The reconstructed series is quite similar to the adjacent grid SPEI (Fig. 6c), with a correlation coefficient of 0.48 (p < 0.01) over the period 1901–2014, validating the reliability of our reconstruction. Spatial correlation analysis shows that the reconstructed SPEIJul–Aug represents a large region of South China, including northern Guangxi, Hunan, and Guizhou (Fig. 7).

Fig. 7 Spatial correlation between (a) actual and (b) reconstructed SPEIJul–Aug and SPEIbase grids from 1953 to 2013. The tree symbol repre-sents the sampling site.
3.4 Teleconnection of SPEIJul–Aug with preceding ENSO

Power spectrum analysis shows 2.0–3.6-yr periodici-ties in our reconstruction that fall within the range of ENSO cycles (Fig. 8;D'Arrigo et al., 2005), indicating that ENSO might have some impacts on the SPEIJul–Aug variations in the study area. ENSO affects the summer rainfall over East Asia by changing the strength of WPSH (Huang and Wu, 1989;Zou and Ni, 1998;Zhang et al., 1999;Chang et al., 2000;Gong et al., 2002;Cai et al., 2003;He et al., 2015). During the mature phase of El Niño events, the warm SST anomalies (SSTAs) in the central–eastern Pacific strengthen the WPSH via the overturning Walker circulation (Ying and Sun, 2000). Meanwhile, the cold SSTAs in the West Pacific enhance the WPSH by forcing an anomalous anticyclone (Wang et al., 2000). Even in the decaying summer of El Niño, the WPSH can still be indirectly enhanced through the so called “capacitor effect” of the tropical Indian Ocean (TIO), which prolongs the impact of ENSO on the WPSH (Xie et al., 2008;Chen et al., 2016b). The anomalous WPSH would shift its northwest rain belt over East Asia, changing the spatiotemporal distribution of precipitation in China (Tao and Wei, 2006). Therefore, autumn–winter ENSO indices have important implications for the WPSH's strength and the hydroclimate of the next summer in South China (Cai et al., 2003;Gao et al., 2006).
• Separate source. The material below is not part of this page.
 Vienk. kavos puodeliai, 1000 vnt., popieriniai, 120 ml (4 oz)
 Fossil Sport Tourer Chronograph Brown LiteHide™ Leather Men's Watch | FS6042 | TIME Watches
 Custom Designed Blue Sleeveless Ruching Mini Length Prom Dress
Fig. 8 Periodicities of the reconstructed SPEIJul–Aug calculated by power spectrum analysis.

Whether the relationship between SPEIJul–Aug and ENSO is time-dependent is evaluated by 21-yr moving correlation analysis (Fig. 9). It was found that the two indices were in weak association before the 1950s. This phenomenon could be due partly to the small variance of ENSO in 1920–1960 (Torrence and Webster, 1999;Li et al., 2013;Xu et al., 2016). In addition, the “capacitor effect” of the TIO has been reported to be weak during the period 1910–1970 (Chowdary et al., 2012), which may also contribute to the insensitivity of the SPEIJul–Aug response to ENSO. From the 1950s to early 1990s, the correlations became significantly positive, indicating that there was a strong relationship between SPEIJul–Aug and ENSO. After that, the relationship dropped to be weak and even out of phase.

Fig. 9 (a) Comparison of the reconstructed SPEIJul–Aug (black) and Niño3.4 SSTAs (SST anomalies) averaged from the previous September to current February (gray). (b) 21-yr moving correlations between SPEIIJul–Aug and Niño3.4 SSTAs.

The weakened relationship in the early 1990s may have been directly caused by a significant westward extension of the July–August WPSH (WPSHJul–Aug) on interdecadal timescales. Obvious differences were found between the distributions of WPSHJul–Aug before and after 1992. From 1969 to 1991, the main body of the WPSHJul–Aug, indicated by 5860-gpm contours, was lo-cated in the east of the study region, whether in dry or wet years (Figs. 10a and 10b). When preceding SSTs became warm in ENSO-related regions, the WPSHJul–Aug would be enhanced and its northwest edge extended to the study area (Fig. 10b). The northwest edge of the WPSH is characterized by a low-level jet carrying large amounts of water vapor (Zhou and Yu, 2005), which brings the study region more precipitation. Therefore, the SPEIJul–Aug and preceding Niño3.4 SSTs were in phase before 1992. However, after 1992, the northwest edge of the WPSHJul–Aug passed completely through the study area when preceding SSTs were warmer (Fig. 10c), which could have created continuous stable downdraft over the study region and made the regional hydroclimate dry. Only at the stage of cooler preceding SSTs could the WPSHJul–Aug draw its northwest edge back to the study region (Fig. 10d), and the regional climate tended to be wet. Thus, variations of SPEIJul–Aug and prece-ding Niño3.4 SSTs became out of phase after 1992. The interdecadal westward extension of the WPSH has been reported to be caused by the ocean warming in the early 1990s—particularly the increasd SSTs in the western Pacific, which induced the expansion of the atmospheric column and an increase in geopotential height (Gao et al., 2014).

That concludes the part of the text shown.